• [Your instructions]:
The line containing "Cargo tankers move" and every line after it, through the last line of the records, are to be transcribed exactly, and nothing else.

• [Stored data]:
☆ ☆ ☆ ☆ ☆ ☆ ☆

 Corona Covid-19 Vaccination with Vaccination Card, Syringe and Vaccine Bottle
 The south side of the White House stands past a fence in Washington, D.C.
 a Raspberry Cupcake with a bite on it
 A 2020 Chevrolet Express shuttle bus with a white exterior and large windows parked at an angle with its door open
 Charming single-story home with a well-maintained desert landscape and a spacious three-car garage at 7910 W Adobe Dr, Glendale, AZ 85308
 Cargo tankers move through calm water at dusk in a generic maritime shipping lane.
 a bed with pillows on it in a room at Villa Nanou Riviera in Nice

☆ ☆ ☆ ☆ ☆ ☆ ☆

• [Completed task]:
 Cargo tankers move through calm water at dusk in a generic maritime shipping lane.
 a bed with pillows on it in a room at Villa Nanou Riviera in Nice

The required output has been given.